### Brief
Write the listing out once more, identical to the original but without pictures.

### Dataset content
================
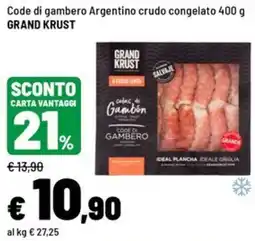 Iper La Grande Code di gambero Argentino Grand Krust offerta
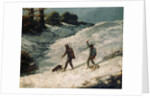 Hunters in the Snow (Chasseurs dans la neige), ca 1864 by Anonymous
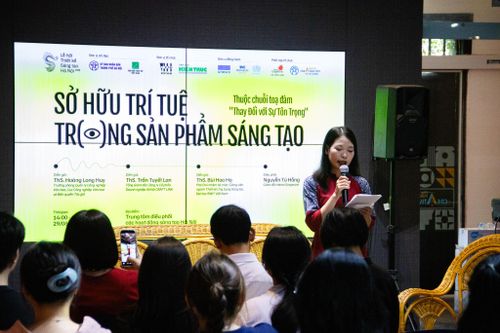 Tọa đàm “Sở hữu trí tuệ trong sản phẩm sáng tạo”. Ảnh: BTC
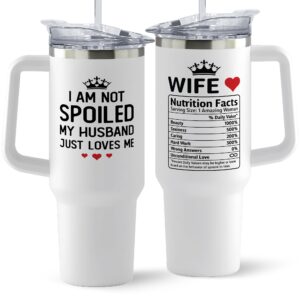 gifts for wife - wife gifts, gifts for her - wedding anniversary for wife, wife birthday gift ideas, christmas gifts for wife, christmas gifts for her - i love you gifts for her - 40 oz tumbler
================
### Reply to the exercise
 Iper La Grande Code di gambero Argentino Grand Krust offerta
 Hunters in the Snow (Chasseurs dans la neige), ca 1864 by Anonymous
 Tọa đàm “Sở hữu trí tuệ trong sản phẩm sáng tạo”. Ảnh: BTC
 gifts for wife - wife gifts, gifts for her - wedding anniversary for wife, wife birthday gift ideas, christmas gifts for wife, christmas gifts for her - i love you gifts for her - 40 oz tumbler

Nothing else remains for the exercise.